Sat Feb 03 15:32:35 GMT 2018

Sexual Politics and Digital Media Infrastructures: Challenges for Diversity

Call for papers for a special issue of DiGeSt (JOURNAL OF DIVERSITY AND GENDER STUDIES)

Editors: Sander De Ridder and Frederik Dhaenens

Deadline abstracts (500 words): 15 May 2018

The breadth of what it means to study sexuality in the context of media has changed significantly in recent years because of current technological, social, and cultural changes. The shift from one-to-many to many-to-many communication infrastructures has multiplied the institutional, technological, and symbolic dimensions that need to be taken into account when inquiring into sexualities and media, cultures and communications. The digitization of sexuality – which refers to changing attitudes, experiences, and practices to sexualities because of digital media – demands that scholars look beyond the well-established frameworks to study sexuality and media, expanding their methodological and theoretical perspectives in order to fully comprehend sexual life-worlds and the digital.
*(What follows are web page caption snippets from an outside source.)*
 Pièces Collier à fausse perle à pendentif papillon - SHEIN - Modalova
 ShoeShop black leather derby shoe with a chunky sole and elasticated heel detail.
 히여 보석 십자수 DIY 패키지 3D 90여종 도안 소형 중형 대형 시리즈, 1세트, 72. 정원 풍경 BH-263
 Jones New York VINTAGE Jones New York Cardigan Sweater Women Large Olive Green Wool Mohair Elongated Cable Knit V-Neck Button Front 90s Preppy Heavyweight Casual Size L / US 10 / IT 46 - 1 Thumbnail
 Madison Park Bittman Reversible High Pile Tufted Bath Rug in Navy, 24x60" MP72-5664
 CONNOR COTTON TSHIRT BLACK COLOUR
This special issue seeks to advance the understanding of sexual politics and diversity in the context of the materiality of digital media (including affordances, algorithms, and the politics of social media platforms and data). It wants to make a theoretical, conceptual, and empirical contribution to the field of gender and diversity studies by exploring how techno-cultural and socioeconomic aspects of digital media infrastructures are intertwined with sexualities.

We suggest a number of ways in which this could be done.
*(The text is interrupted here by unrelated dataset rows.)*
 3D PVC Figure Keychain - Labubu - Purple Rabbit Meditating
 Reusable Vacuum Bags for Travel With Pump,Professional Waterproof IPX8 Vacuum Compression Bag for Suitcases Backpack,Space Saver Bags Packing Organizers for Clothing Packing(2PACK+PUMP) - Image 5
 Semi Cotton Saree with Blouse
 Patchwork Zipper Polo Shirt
1. The transformation of sexualities because of digital media infrastructures is traditionally valued in either positive or negative terms. Examples of distinctly positive claims are presumed increases in digital safe spaces where sexual minorities can interact (e.g., on dating apps such as Grindr), and ideas that digital media are providing new and more opportunities for voicing sexual difference (e.g., on sharing platforms such as YouTube). An example of a negative claim is that the Internet also increases sexual risks, particularly for children and young people. The special issue wants to move beyond anecdotal evidence and moral claims by developing analytical approaches that understand the material complexities of digital media in relation to sexual diversity. This means exposing the often unseen digital media infrastructures that run underneath, through, and in the background of sexualities. By conceptualizing the emerging struggles that are inherent to the accelerating digitization of sexuality, we want to explore what is changing/continuing in people’s sexual life-worlds because of digital media infrastructures.
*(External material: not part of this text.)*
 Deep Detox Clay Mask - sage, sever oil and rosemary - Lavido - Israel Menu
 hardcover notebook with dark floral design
2. If digital media infrastructures are important to people’s sexualities, there is a need to engage with the question of how and why they matter. How do the techno-cultural and socioeconomic aspects of digital media create flourishing and diverse sexual life-worlds? How are diverse sexual life-worlds protested, controlled, managed or strictly regulated on different platforms? How and why are some sexualities valued, while others are stigmatized?

3. Digital media infrastructures are generating many unseen sexual geographies that go beyond national contexts. Research into the sexual politics of digital media, therefore, needs to engage with the profound cosmopolitan contexts of sexual diversity, reflexive intimacies, and the emerging role of human and sexual rights in the digital sphere. To this end, we welcome submissions that challenge, map ,and highlight the sexual politics of diversity in relation to the spatiality of digital media infrastructures.

Please submit abstracts for papers by 30 March to both editors – Sander De Ridder ((Sander.DeRidder /at/ and Frederik Dhaenens ((Frederik.Dhaenens /at/

The editors will invite full papers on the basis of selected abstracts by early May 2018, with full papers to be submitted for independent peer review by 1 October 2018. The special issue will be published in the fall of 2019. All volumes of the journal are made available in Open Access after an embargo period of two years.